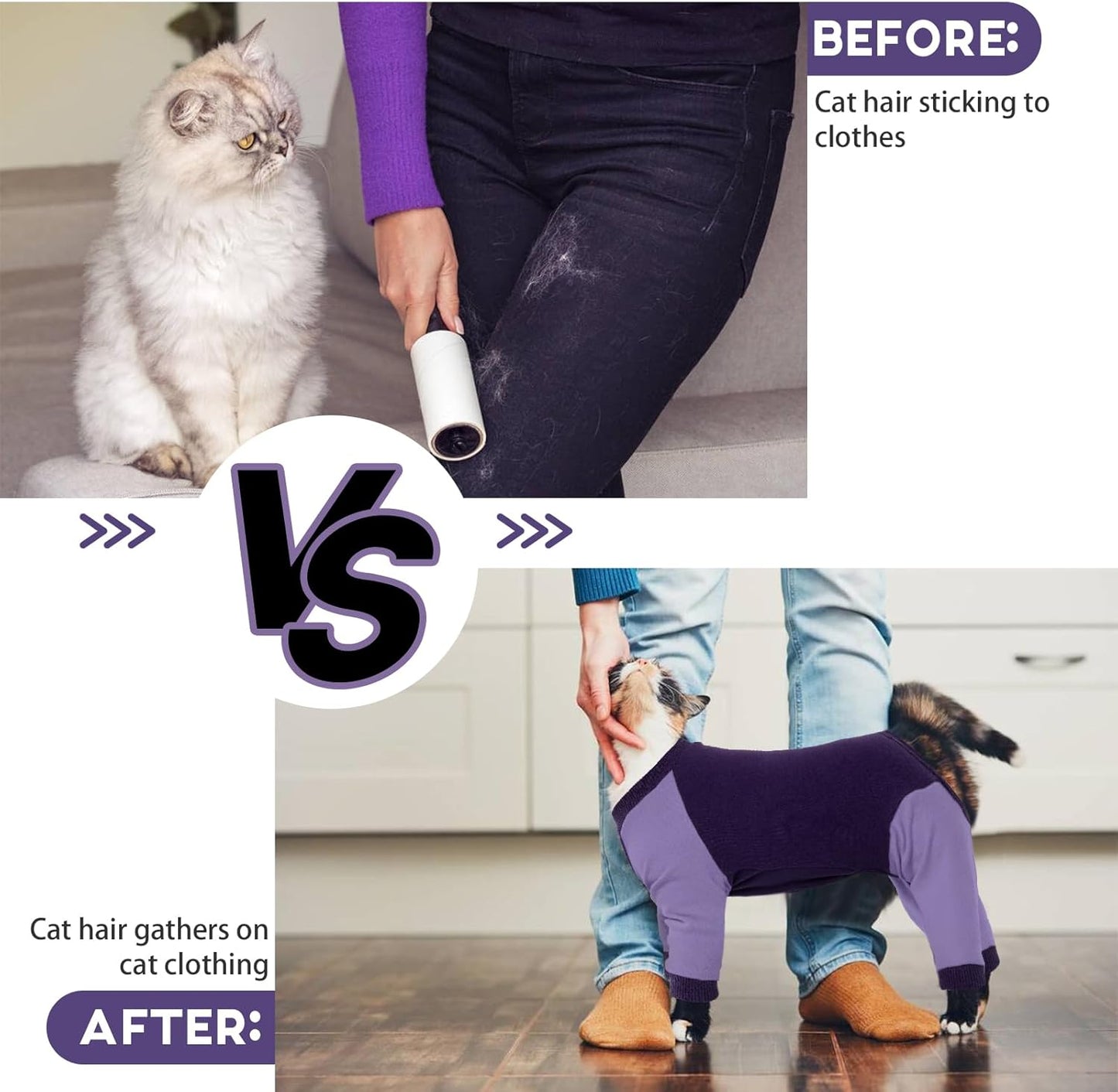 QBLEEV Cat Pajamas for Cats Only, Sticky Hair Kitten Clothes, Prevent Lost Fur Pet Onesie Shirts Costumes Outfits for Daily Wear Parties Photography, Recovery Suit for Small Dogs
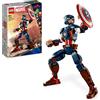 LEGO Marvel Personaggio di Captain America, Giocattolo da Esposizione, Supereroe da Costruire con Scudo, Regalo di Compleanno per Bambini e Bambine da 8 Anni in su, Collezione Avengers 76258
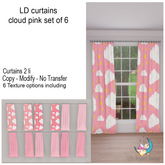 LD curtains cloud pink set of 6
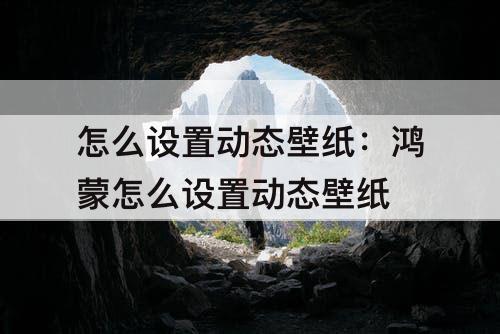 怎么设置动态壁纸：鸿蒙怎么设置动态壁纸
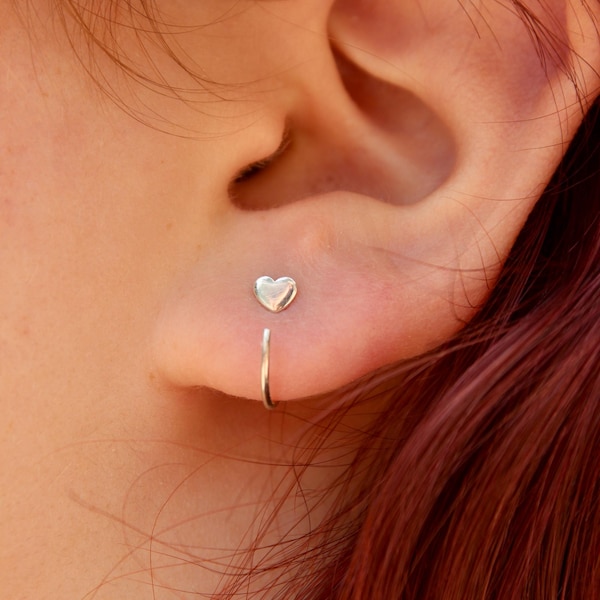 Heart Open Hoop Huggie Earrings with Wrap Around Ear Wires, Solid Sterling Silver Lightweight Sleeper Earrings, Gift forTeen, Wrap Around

* * * *

▶ _To do_
Transcribe exactly the line that contains "怎么设置动态壁纸：鸿蒙怎么设置动态壁纸" and each line after it through the end of the listing. Leave out the pictures.

▶ _Result for this exercise_
 怎么设置动态壁纸：鸿蒙怎么设置动态壁纸
 Heart Open Hoop Huggie Earrings with Wrap Around Ear Wires, Solid Sterling Silver Lightweight Sleeper Earrings, Gift forTeen, Wrap Around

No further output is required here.